Okay I'm guilty here too but having copped to that I must say we truly are a nation of critics sniping from lazy boys at a few active individuals struggling to effect political change, make a movie, write a book, tell a joke, design a better faucet... Okay that guy is an asshole alright! The faucets are fine stop fucking with them alright! The ones in the airport are like science projects with electronic eyes and motion sensors. Faucet guy STOP IT!

Look, we used to keep this need to criticize bottled up in the art swamp where it caromed harmlessly off of giant soup cans, blank verse, and untalented exhibitionists smearing themsleves with chocolate and cramming yams up their ass. But now it's spilled over the media flood wall and into every activity of our lives. Sports, pet training, home repair, snow removal, you name it somewhere there's a cable show dedicated to ripping it. And I'm not saying there isn't a place for solid intelligent constructive criticism but when was the last time you read a review of something, a movie, a play, a book, that gave you a real feel or what the author was trying to say. Probably been a whil huh? Because nowadays you can only make a name for yourself as a critic if you pass out blow jobs like Madonna at the NBA all star game, or... or if you're a spiteful crank heaping scorn on everything he sees, the kind of poison tongued lard encased asshole who refuses to review anything he enjoys because his praise mechanism was broken when his father wouldn't buy him an easy bake oven for his tenth birthday(applause). Now I don't have any personal axe to grind here, bad reviews don't affect me that much. I'm not the kind of guy who names names, in fact I don't even know the name of the slimey fuckwad from Entertainment Weekly. I feel so cleansed.

The key thing to remember about all critics is that they remain dependent on the innovator, the person doing the real work of creating. And because they just sit on the sidelines of life, never the hunter, they are doomed to be forgotten. But it's not all their fault I mean, we give them their chance when we rely too much on critics to make our choices for us. We give them the power because the sheer speed of existence has rattled our already fragile confidence when it comes to things artistic. We think we need help sorting out artsy things, that somehow we don't have all the facts. But you know something, we don't need help. You like the Red Skelton painting, buy the Red Skelton painting alright. You like Home Improvement, tape it and go over it like the zabruder film(applause). It's your living room, it's your life, go nuts.
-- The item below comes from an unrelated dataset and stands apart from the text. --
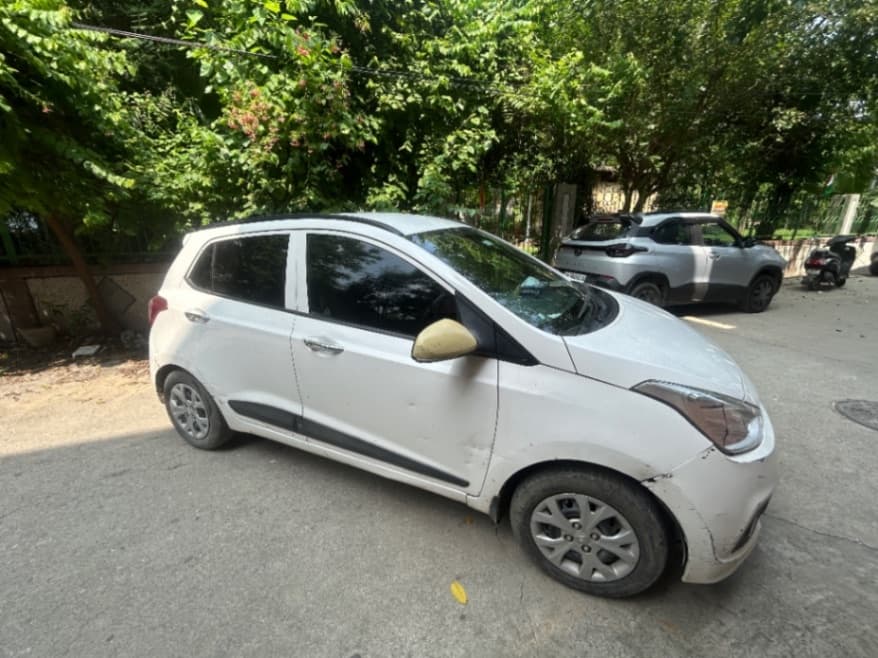 EXTERIOR image for Grand i10 [2013-2017] | Hooter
Enjoy the world on your terms, follow your own heart and take what critics say with a fifty pound bag of salt because at best a critic is just another human being, like yourself, fumbling around in the dark trying to separate the artistic wheat from the wonderbread.
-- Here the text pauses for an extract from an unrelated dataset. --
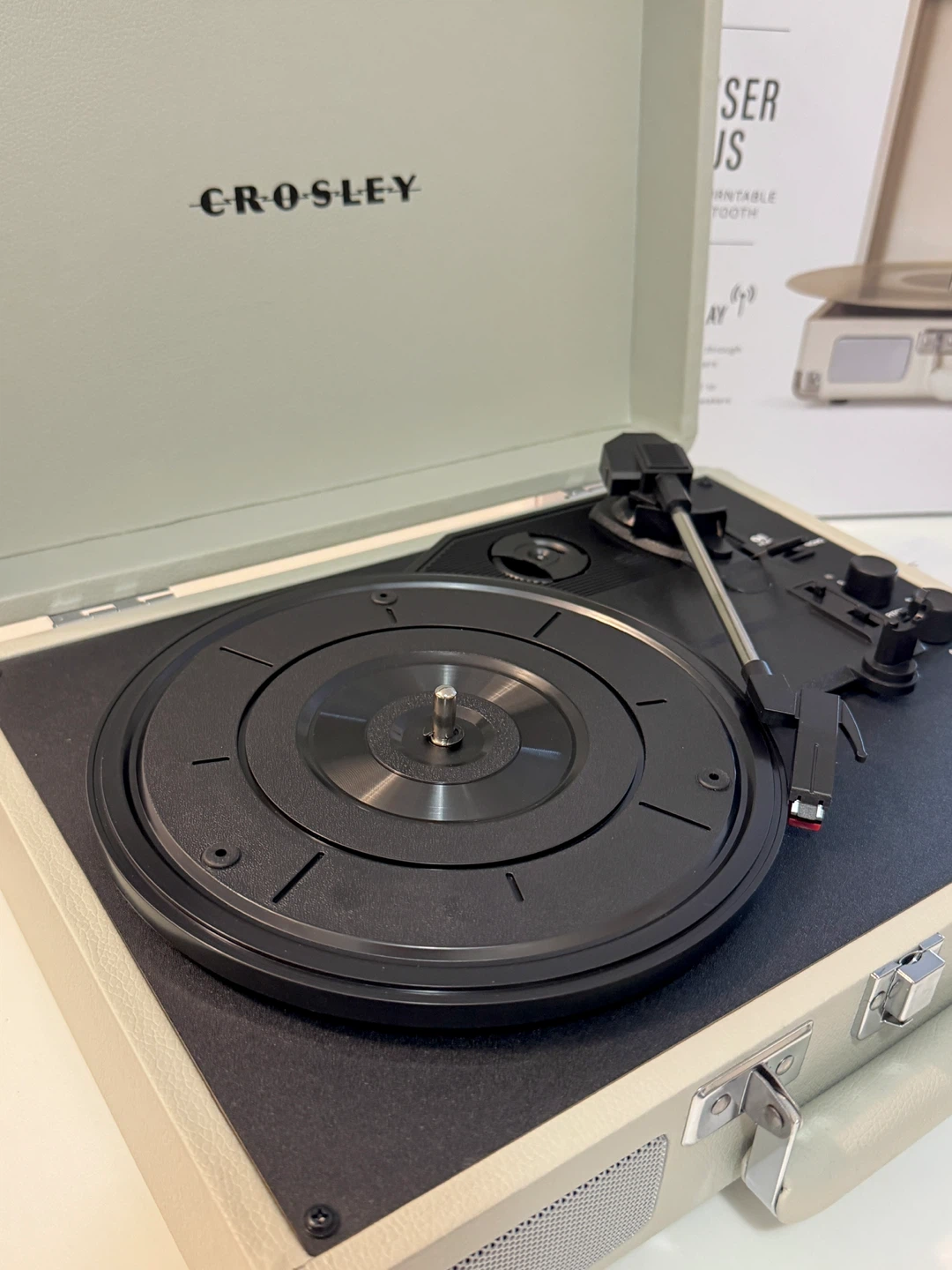 Crosley Cruiser Plus Turntable - Rare Dune Color - photo 5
So the next time you see Roger Ebert sitting on his titanium reinforced love seat pissing off on the work of some you person who doesn't quite have it yet but might be on their way to having it some day, remember the time Roger decided to dive into the deep end of the creative pool. He wrote the Russ Meyer film "Beyond the Valley of the Dolls." And, if you'll pardon me for putting on the critics hat for a second myself, I must tell you that was a huge repulsive, quasi radioactive, spectacularly inept, borderline trogloditic, pile of high density, low brow, can't get it our of your mind or off your shoe DOGSHIT!

Of course, that's just my opinion. I could be wrong, and the balcony is now closed.